The Sound of Crickets at Night: Giving a Voice to the Marshall Islands
By Erica Burman on Tuesday, April 2nd, 2013
A former Peace Corps Volunteer, of course.
Although his main job is working for the people of Bikini Atoll in the Marshall Islands, Jack Niedenthal (Marshall Islands* 1981-84) is also a Returned Peace Corps Volunteer (RPCV) filmmaker. On May 8th his fourth full-length feature film in the Marshallese language about the people of Bikini Atoll, Ainikien Jidjid ilo Boñ (The Sound of Crickets at Night), will screen at the 2013 Los Angeles Asian Pacific Film Festival.
Jack Niedenthal’s first six years in the Marshall Islands were all spent in the isolated jungles of the outer islands. He was a Peace Corps Volunteer on Namu Atoll from 1981 to 1984, then contracted to work with the Bikini Council on Kili Island from 1984 through late 1986 teaching English to the adults, teaching in the elementary school and working with the Kili/Bikini/Ejit Local Government Council.

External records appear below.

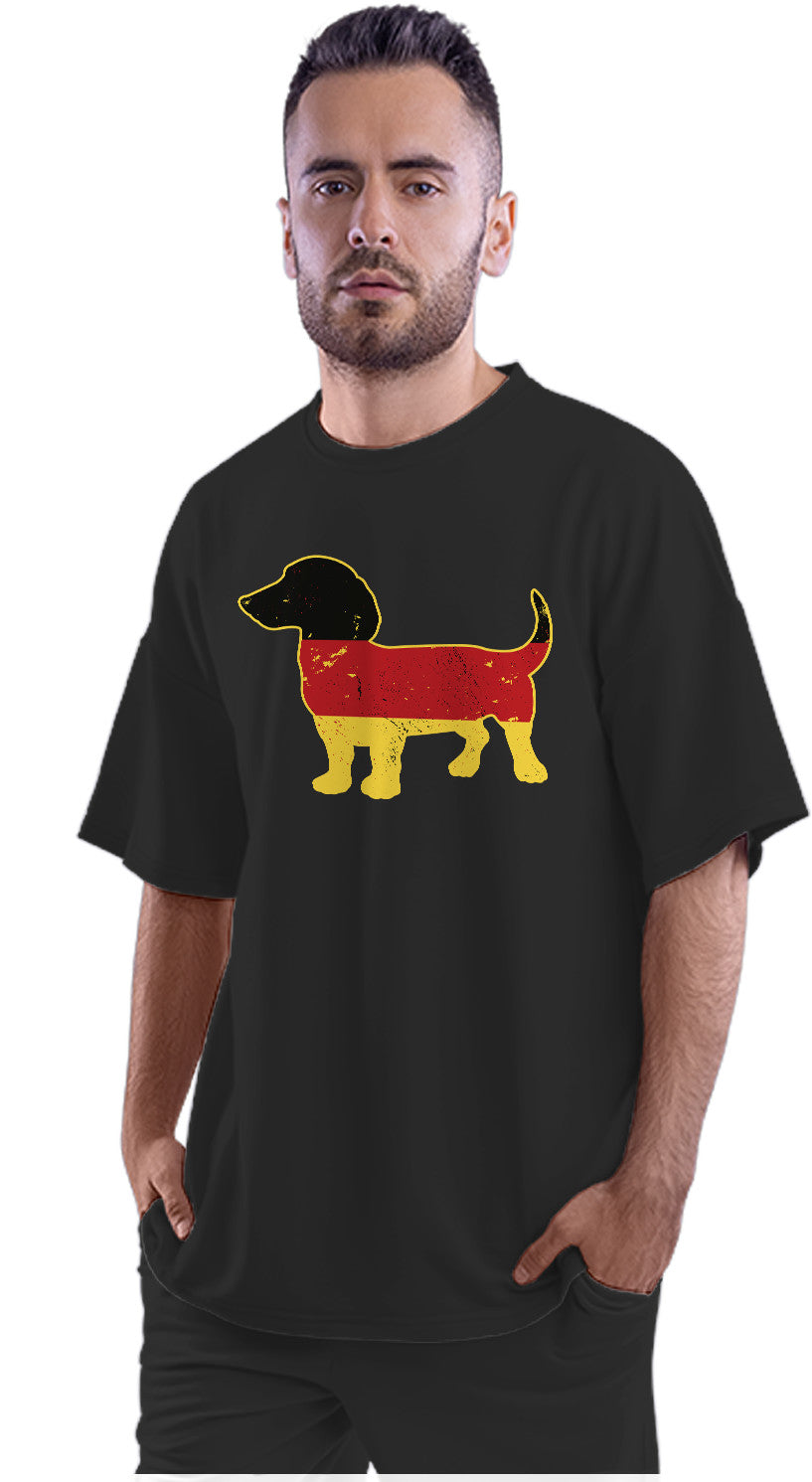 Dachshund Dog - Germany Oversized Unisex T-shirt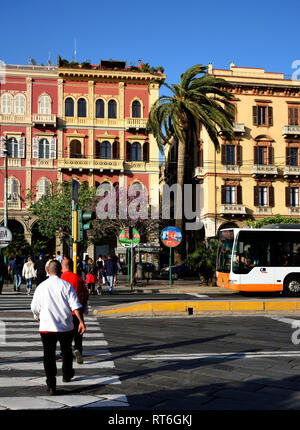 Via Roma Cagliari Sardinia Italy Stock Photo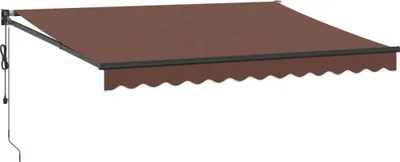Produktbild von vidaXL Markise Automatisch Braun 350x250 cm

In 1987 he assumed the duties of the Trust Liaison for the People of Bikini, which includes the management and coordination of the funds allocated by the United States government to compensate the Bikinians for their suffering and to facilitate the radiological cleanup of Bikini Atoll. He acts as a liaison for the Council to the media, the U.S. government and its various agencies, the scientists who work on Bikini, the Bikini Council’s attorney, trustees, money managers, construction companies, engineers, project managers, auditors and business associates. The government of the Marshall Islands awarded him an honorary “Public Benefit” Marshallese citizenship in December of 2000.
In 2008, while with his 10 year old son, Max, in a local video store surrounded by the typical Hollywood-based fare, his son asked, ”Why are there no movies in Marshallese?” [Editor's note: Jack's wife of 25 years, Regina, is a Bikini islander. They have five children, two of them by adoption, and one grandson.] Realizing what a tragedy it was for the children of the Marshall Islands to grow up without seeing a film in their own language, set in their own country and dealing with issues unique to their own culture, Jack decided to venture into filmmaking.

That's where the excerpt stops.